ある音楽馬鹿の徒然カキコ♪...みゅう太

 

 

はじめてのヨーロッパ 〜その18 ウィーン2 - 2003年05月21日(水)

ロンドン交響楽団のコンサートの余韻覚めやらぬ心と体であったが、
翌朝は早く起きて出かけた。

ところでウィーンのホテルでは朝ごはんが素晴らしく美味しかった。
同じドイツ語圏でもこうも違うかと。
まずパンが柔らかくちょっとスイート感。
全体に優雅な感じがあるのだ。

まず、街中へ出かけた。
有名なシュテファン寺院へ行く。
既に観光客でごった返していたが、天に向かってまっすぐに伸びる外観ももちろん中はとても厳かであった。
丁度その何年か前にモーツァルト没後200年のミサがあり、彼のレクイエムをゲオルク・ショルティ指揮ウィーン・フィルが演奏したところだ。
テレビで衛星生中継があり、背筋をのばして聴いていたものだ。
これは確かCDやLDにもなったはず。

そこから賑やかなケルントナー通りで色々な店をのぞきながらぶらぶら歩く。
伊勢丹デパートなんかもあってビックリした。
(あとでウィーン・フィルのコンサートマスター、ライナー・キュッヒルさんに聞いた話だが、ここはかなり色んなものが手に入りすごく便利とか。)
あとウィーンに限らずヨーロッパのこういう通りにはアイスを売ってる屋台が多いのだが、これが美味しいのだ。
(ちなみにドイツ圏ではIceがEisというスペリングなのが面白かった。)

それからワルツ王、ヨハン・シュトラウスの像(それまで白だったはずの像が金色になっていた。)なんかを見た。
ちなみにこの像と同じものが東京の葛飾区は青砥駅前に立っている。
あれは何度見ても場所的に違和感がある。
(「男はつらいよ」シリーズで「寅さん ウィーンに行く」というのがあったため(?)葛飾区はウィーンのどこかの区と兄弟提携を結んでいるのだ。)
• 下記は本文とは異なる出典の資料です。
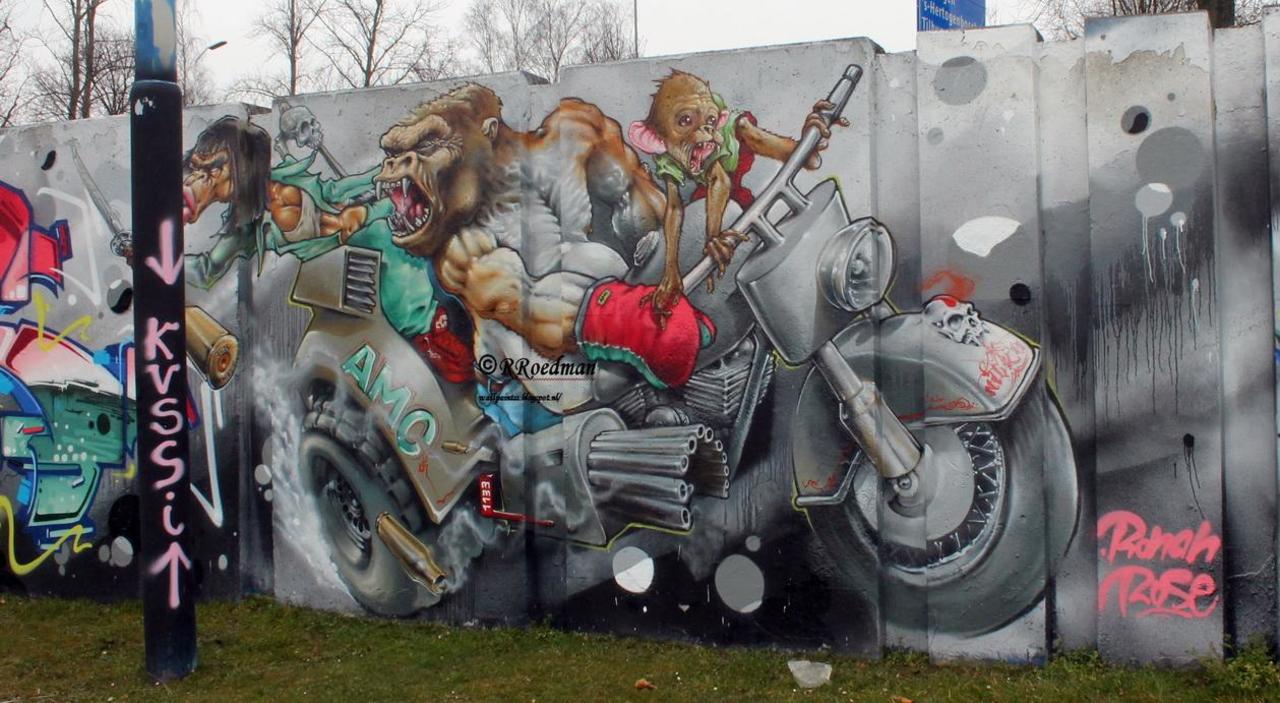"@RRoedman: #streetart #graffiti #mural aggressive monkeys in #Eindhoven,3 pics at  http://wallpaintss.blogspot.nl http://t.co/qG4GQPMJUg"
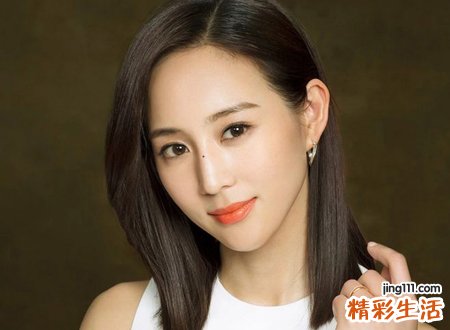 女人鼻梁上有痣旺夫吗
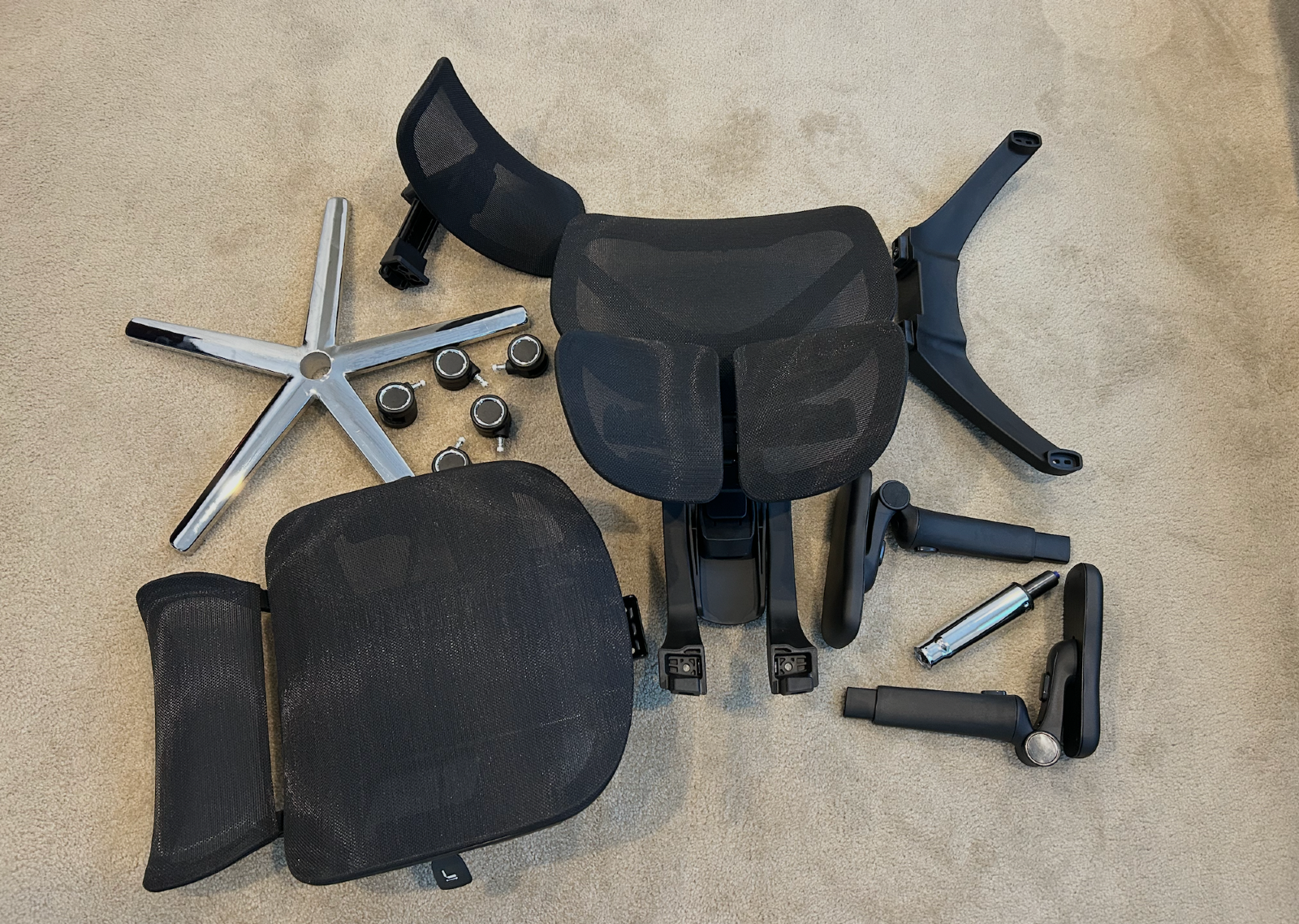 Secretlab Atlas vs FlexiSpot Sentinel-Pro: Which Chair Wins on Ergonomics?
さて私はいよいよ12時に友人Uと待ち合わせをしている。
それまでの午前中、共同墓地に行くことにした。
この共同墓地にはモーツァルト、ベートーヴェン、ブラームス、シューベルト…
西洋音楽史を飾る作曲家たちが皆ここに眠っている。

本当はバスか何かでいけるはずだったのだが、地図と首っ引きで電車で行ってみた。
ホントにここなのか?というアメリカ西部の荒野みたいに何にもない駅でおりたのだが、やみくもに歩いてみると簡単にあった。
広いところだし。

いやまじ広い。
そもそも普通の共同墓地なわけだからお墓は膨大な数あるわけだし、どこにベートーヴェンがいる、なんて地図があるわけじゃない。
森林公園の中という感じ。
かなり苦労したが、かなり歩くとお花が一杯供えてある大きなお墓がいくつかある。
あれかな?と思うと果たしてそうだった。
ベートーヴェンとかシュトラウスなんかのお墓はちょっと大きめだったが、ブラームスは実に地味だった。
シューベルトはこじんまりしていた。
ははは、音楽と一緒だ。
まあ、後の人がそういう風に作ったのだろうけど。

でも私はなんと言ってよいかわからない気分だった。
私が生涯をかけて勉強している音楽。その中心ともいうべき偉大な先人だちのお墓の前にいるのだ。
とにかく目をつぶって祈った。
そして感謝した。
あなたたちが残してくれた音楽で、たくさんの人が勇気をもらったり幸せになったりしているのですよ…

とても良い天気で、私はしばらくぶらぶらしてからそこを後にした。

気がつくと11時30分くらい。
やべ! 待ち合わせに遅れる!

お墓の前の比較的広い道にでたら、タクシーが何台かとまっていたのでそれに乗った。
ヨーロッパで乗ったタクシーはこれで2度目、そしてこれが最後。
(なんか乗る気がしなくてねぇ)

ウィーン国立歌劇場の前に着くと、ピッタシ12時。
すごい暑かった。
お〜いU。いねーじゃねーか。
でも保険で3時と6時にも待ち合わせてるからな。いいか。

と思ったところ、向こうから手を振ってるデブが満面の笑みで近づいてくる。
「おーーーい! みゅう太ぁぁ〜〜!」
おー、ひさしぶり!!! 2週間ぶりに自分を知ってる人間に会えた!
やっぱ嬉しかった。

「みゅう太、おめー生きてたじゃねーか。いや〜よかったよかった!ホントどこかで死んで手来なかったらどうしようかと心配でさ。よくここまで来れたな。」
「てめーが見捨てたんじゃねーか。」
「ま、そう言うな。 実を言えばフランクフルトで分かれて、いやーまずかったかな?
もしおめーに何かあったらご両親に何て言えばいいんだ、とか思っちゃってさ。」

こういう奴なんです。ほんとに口が悪くて私をあれこれ批判ばかりするのだけど憎めない奴なんです。
だから今でもずっと友達でいられる。

「しかし、なんでお前コート着てんの?」
「いや、ロンドンに今までいたんだけど、超寒くってさ。」

でもこういう再会、本当に嬉しい。

Uはホテルをとってないので、じゃ私の泊まってるところがいいぞ、ということでアン・シューベルトリングに向かいました。